Des semences soigneusement sélectionnées et préparées
La production de graines forestières est une affaire de spécialistes ! Il faut malheureusement tenir compte du fait que les arbres ont une fructification irrégulière. Pour les chênes par exemple, les bonnes glandées sont plus difficiles à assurer dans l’est de la France, car elles sont sensibles aux gelées tardives et aux pluies prolongées. D’où l’intérêt de bien prévoir et planifier à l’amont son programme de cueillette.
Il est très important de respecter l’époque de maturité de la graine. Une semence de bonne qualité technique est obtenue par une récolte effectuée au meilleur moment de sa maturité physiologique. L’oeil de l’expert forestier est ici indispensable, car la maturité est très variable selon les conditions climatiques de l’année.
C’est aussi un travail exigeant en main-d’oeuvre. Les récoltes débutent généralement en juillet avec les merises et se terminent en mars de l’année suivante avec le pin maritime. Les plages d’intervention sont parfois réduites.
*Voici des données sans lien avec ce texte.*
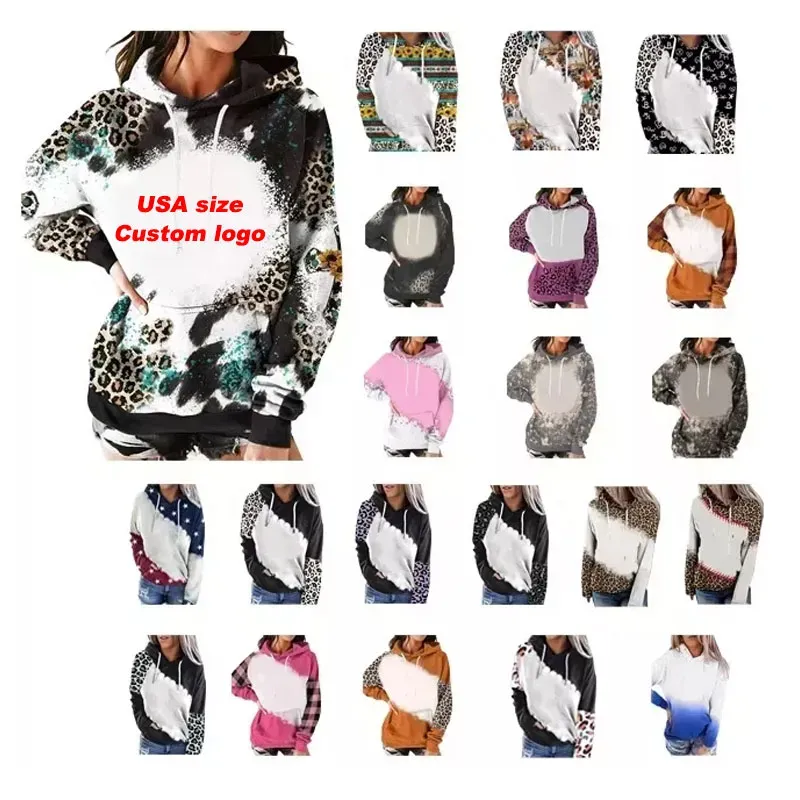 Atacado Leopard Grain Adultos Bleach Moletons 100% Poliéster Sublimação Em Branco Faux Branqueado Hoodies Imprimíveis Logotipo Tie Dye Pulôver Suéter Camisas FS9544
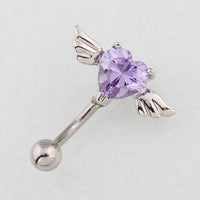 Upside-Down Heart-Shaped Wing Navel Nails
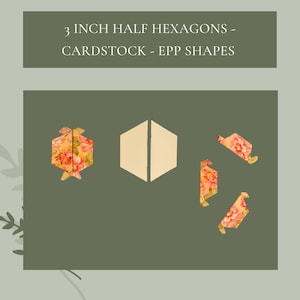 3&quot; Card Stock EPP Half Hexagons: English Paper Piecing Templates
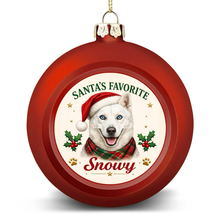 Load image into Gallery viewer, Husky Ornament - Classic Red Round Shape - Santa's Favourite Design - Personalized with Name-Christmas Ornament-Christmas,Personalize Artwork,Siberian Husky-4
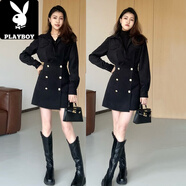 花花公子（PLAYBOY）半高領(lǐng)紅色連衣裙子女秋冬2025新款新年新過(guò)年穿搭假兩件氣質(zhì)短裙 黑色短款版一套入冬穿搭/連身裙/毛衣裙/冬天配大衣的 XL 60/65kg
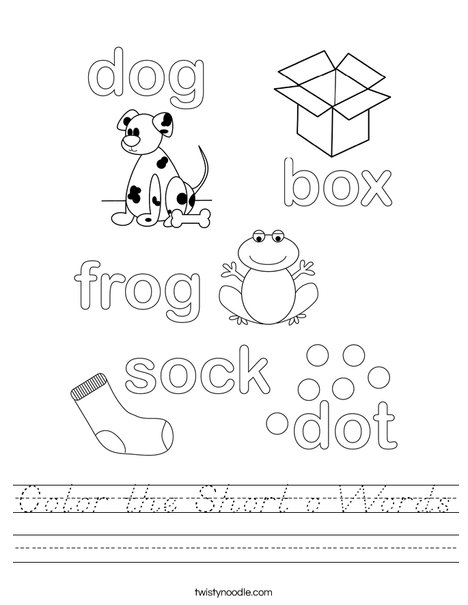 Color the Short o Words Worksheet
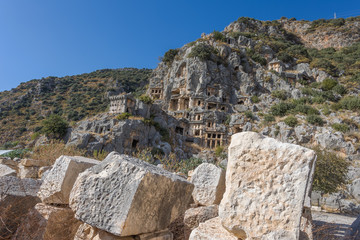 Fototapeta na wymiar Ancient rock-cut tombs in Myra, Demre, Turkey 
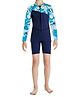 Bosky Swimwear Full Raglan Sleeves Strawberry Printed Legged Swimsuit with Cut & Sew Design - Pink & White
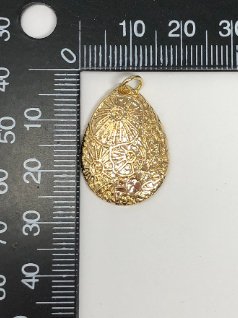 Gold Filled Shell Rustic Coin Charm   E-087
Pour les feuillus, pas trop de contraintes, les glands et les châtaignes, comme les faînes de hêtres, sont ramassés sur des bâches à même le sol.
Nettoyer, trier et stocker
Arrivés en sécherie, les fruits, cônes ou graines doivent subir des triages et différents traitements, afin d’éliminer ceux qui ne sont pas de qualité suffisante et permettre leur conservation. Parmi ces techniques, on peut citer la désarticulation, la déshydratation des cônes et le « désailage » des graines, le dépulpage, l’épépinage, l’égrappage, le tri granulométrique et densimétrique, la thermothérapie, le traitement fongicide… Les procédés appliqués varient selon les espèces, voire les années en fonction de l’état physiologique.
Après ces traitements, les semences ne sont pas encore prêtes à l’emploi. Pour de nombreuses espèces, notamment les feuillus, il faut encore lever la dormance. Cet état est en quelque sorte un verrou de sécurité qui empêche la graine de germer après dissémination. Pour les glands, les faînes, et autres semences de feuillus, la levée de dormance se fera par un passage au froid, à programmer et à adapter selon les espèces. On appelle ce traitement une « vernalisation » ou une « stratification froide ».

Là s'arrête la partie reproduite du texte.